Wednesday, September 29, 2010

THE MAGIC RETURNS

Keen industry observer – Breednet’s Tara Madgwick – is clearly looking forward to the spring.

Sitting in the grandstand last Saturday at Randwick, my seven year-old son Jack turned to me and said, “Will More Joyous race Hay List?” and with that one question it dawned on me that racing has not had it so good in a very long time.
For years now we have had a very bland, lacklustre offering served up each season as carnival racing and while I don’t wish to offend the connections of some very good horses, Takeover Target aside, it’s been less than inspiring.
There was a glimmer of excitement when Miss Andretti and Gold Edition went to head to head in a couple of races in the Melbourne spring of 2007, but outside of that ... boring!
Where were the stars?
When Lonhro and Northerly retired in 2004 they took all the glamour and excitement out of racing with them.

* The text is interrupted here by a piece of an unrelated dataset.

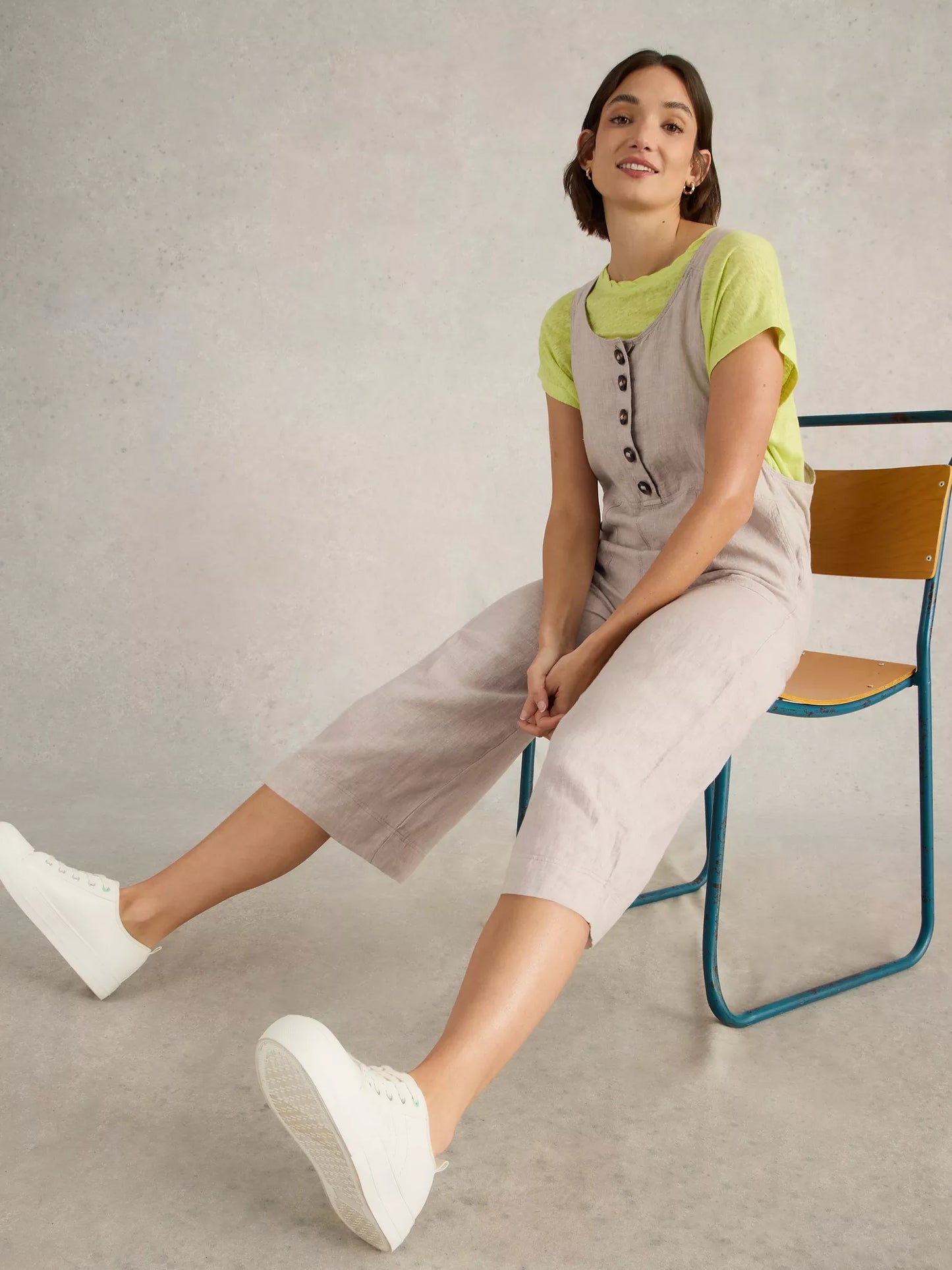 White stuff - Viola linen Dungaree - Light natural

An equine Adonis, Lonhro had the suave, sophisticated, charismatic charm of a George Clooney, while Northerly had the toughness and street smarts of the WA brawler he assuredly was … and then we had Sunline!

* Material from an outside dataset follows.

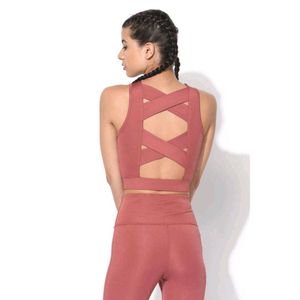 Woman Padded Cross Back Crop Top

From the moment I first laid eyes on her at Randwick when she stepped out for the Furious Stakes in 1998 she had me ... she had me at hello!
Feisty, powerful and domineering, this Kiwi phenomenon was excitement on four legs!
Since their departure, racing has slipped into a malaise of more of the same with talented horses packed off to stud all too soon and other good horses winning the big ones, but failing to ignite any real passion with the dwindling race day crowds.
That has all changed this spring as we now have a cast of larger than life characters straight from a Hollywood movie ... Shrek!
In the title role we have Shrek himself, the lovable ogre – Hay List (by STATUE OF LIBERTY).
A giant of a horse that has won 11 of 13, I feel privileged to have been at Moonee Valley last Friday night to watch this hulking athlete win his first Group One for ‘battling’ trainer John McNair and his owners the Davenport family.
Sitting at a table that included the connections of the great Manikato, owner Mal Seccull and jockey Gary Willetts, I couldn’t help but wonder if Hay List might be able to channel some of the great horse’s spirit and bring that much needed magic back to racing.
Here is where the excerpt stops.